Hathout urged Muslims to ignore hate speech such as the video. Supporters held signs saying "No to violence, no to hate" and "Blessed are the peacemakers."
Serapion said there had been no retaliation against the Coptic community in Los Angeles.
"We thank God that our relationship with the Muslim community of Southern California is a good relationship," he said.
Nasralla, who runs a nonprofit called Media for Christ and a satellite TV station called The Way, is not a member of the Coptic Orthodox church. In the past he had attended local Arabic-speaking evangelical churches and used to sing in some of them, said Hisham Kamel, pastor of the largest Arabic evangelical church in the Greater Los Angeles area, the Temple City Arabic Evangelical Church.
Kamel said he doesn't believe Nasralla is affiliated with any church now.

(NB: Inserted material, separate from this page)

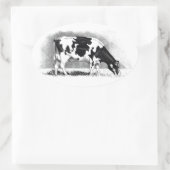 Holstein Koe: Potloodtekening: Boerderij, Land Ovale Sticker (Tas)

He also provided a copy of a letter that a group of local Arabic-speaking evangelical churches were planning to bring to the Egyptian consulate in Los Angeles denouncing the film and calling for "constructive dialogue that is built on mutual respect and recognition."
Nakoula had sporadically attended local Orthodox churches, but was not a well-known figure in the community until his name surfaced in connection with the film.

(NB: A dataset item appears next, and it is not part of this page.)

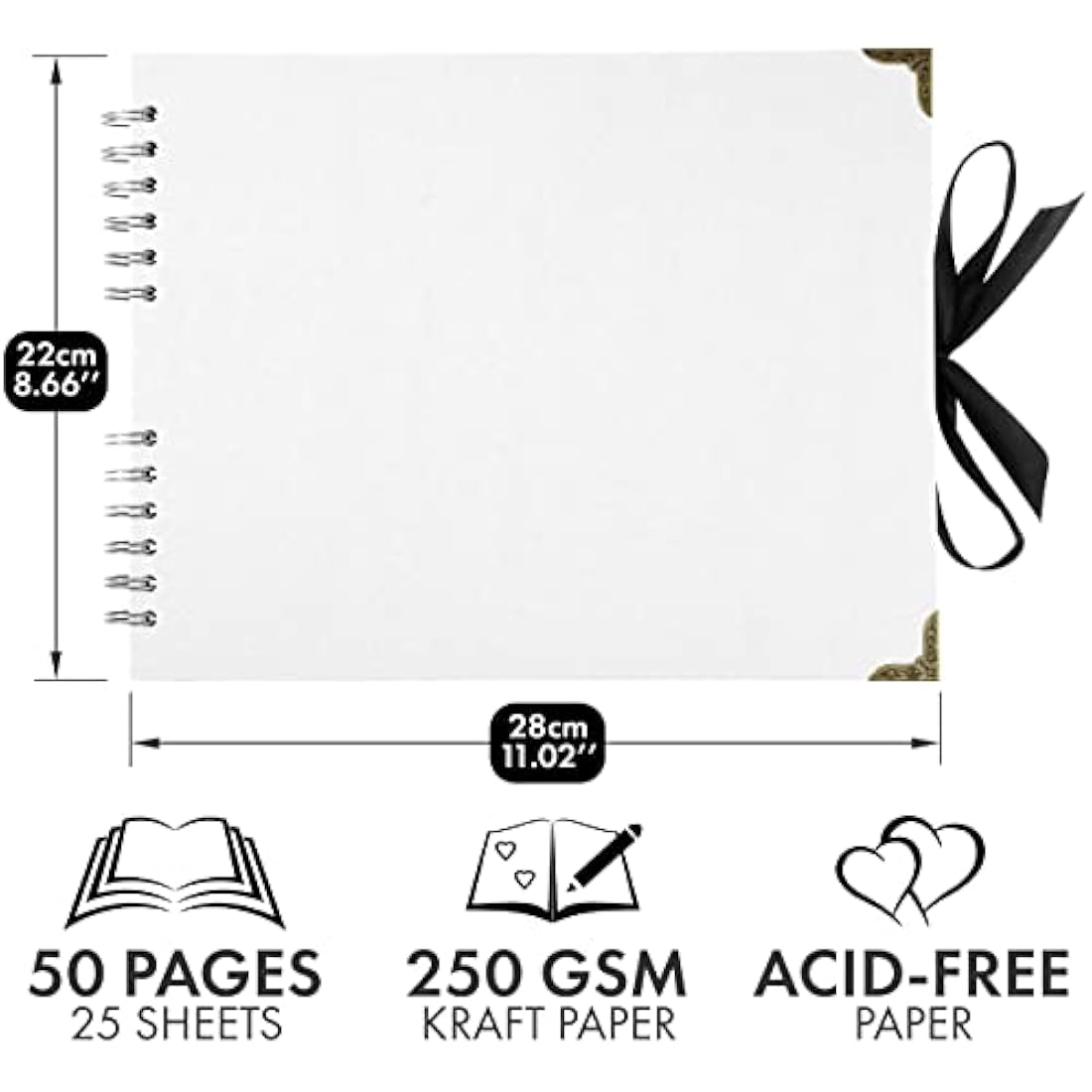 Square Scrapbook Photo Album – 50 White Pages Hardcover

The filmmakers were apparently influenced by the teachings of Zakaria Botros Henein, a fiery Coptic cleric who is sometimes called Islam's Public Enemy No. 1. Botros has espoused views similar to those portrayed in the film, including calling Muhammad, Islam's most revered prophet, a necrophile, a homosexual and a pedophile.
Serapion said Botros had resigned as an Orthodox priest about 10 years ago and had since become more radical in his anti-Islam public statements. Botros has no current affiliation with the church, he said.